** Opening Source information block **
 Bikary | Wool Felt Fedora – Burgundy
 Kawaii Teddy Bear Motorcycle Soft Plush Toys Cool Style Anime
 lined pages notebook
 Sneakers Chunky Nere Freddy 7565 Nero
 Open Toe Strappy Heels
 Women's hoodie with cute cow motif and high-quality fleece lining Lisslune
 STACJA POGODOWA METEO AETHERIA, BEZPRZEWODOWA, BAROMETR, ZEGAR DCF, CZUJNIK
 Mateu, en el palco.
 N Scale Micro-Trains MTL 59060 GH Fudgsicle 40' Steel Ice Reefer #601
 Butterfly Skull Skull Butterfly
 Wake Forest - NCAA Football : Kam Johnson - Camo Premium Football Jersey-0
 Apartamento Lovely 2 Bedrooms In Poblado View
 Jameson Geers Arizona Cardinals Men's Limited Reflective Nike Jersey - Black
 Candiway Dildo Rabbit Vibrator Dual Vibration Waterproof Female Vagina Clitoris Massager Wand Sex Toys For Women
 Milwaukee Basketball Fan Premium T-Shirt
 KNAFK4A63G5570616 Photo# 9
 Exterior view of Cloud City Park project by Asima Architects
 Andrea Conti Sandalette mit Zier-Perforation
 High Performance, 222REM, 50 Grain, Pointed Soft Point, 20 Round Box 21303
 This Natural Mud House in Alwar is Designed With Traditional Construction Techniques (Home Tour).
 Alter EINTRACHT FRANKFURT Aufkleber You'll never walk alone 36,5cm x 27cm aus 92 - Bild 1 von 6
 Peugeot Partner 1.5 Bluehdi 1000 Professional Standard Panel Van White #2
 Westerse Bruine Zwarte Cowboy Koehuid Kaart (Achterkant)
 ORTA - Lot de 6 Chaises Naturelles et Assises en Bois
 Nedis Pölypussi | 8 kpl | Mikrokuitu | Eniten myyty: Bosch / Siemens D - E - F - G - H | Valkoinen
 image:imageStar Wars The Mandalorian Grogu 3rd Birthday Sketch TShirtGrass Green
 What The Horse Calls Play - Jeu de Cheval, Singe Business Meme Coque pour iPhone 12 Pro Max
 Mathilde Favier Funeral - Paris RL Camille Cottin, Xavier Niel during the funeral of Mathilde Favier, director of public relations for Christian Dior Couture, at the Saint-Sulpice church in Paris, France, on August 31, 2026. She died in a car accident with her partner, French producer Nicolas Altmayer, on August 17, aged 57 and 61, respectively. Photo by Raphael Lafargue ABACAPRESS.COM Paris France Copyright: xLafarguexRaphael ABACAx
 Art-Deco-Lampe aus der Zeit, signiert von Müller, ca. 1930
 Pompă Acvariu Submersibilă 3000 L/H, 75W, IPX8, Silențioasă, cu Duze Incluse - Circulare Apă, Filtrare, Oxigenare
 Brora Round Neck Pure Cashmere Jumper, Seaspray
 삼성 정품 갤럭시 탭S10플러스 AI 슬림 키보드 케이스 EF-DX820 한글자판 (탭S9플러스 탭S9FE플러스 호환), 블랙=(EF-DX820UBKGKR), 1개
** Closing Source information block **
Find every line in the records above that contains the word "Women", and copy each one.

 Women's hoodie with cute cow motif and high-quality fleece lining Lisslune
 Candiway Dildo Rabbit Vibrator Dual Vibration Waterproof Female Vagina Clitoris Massager Wand Sex Toys For Women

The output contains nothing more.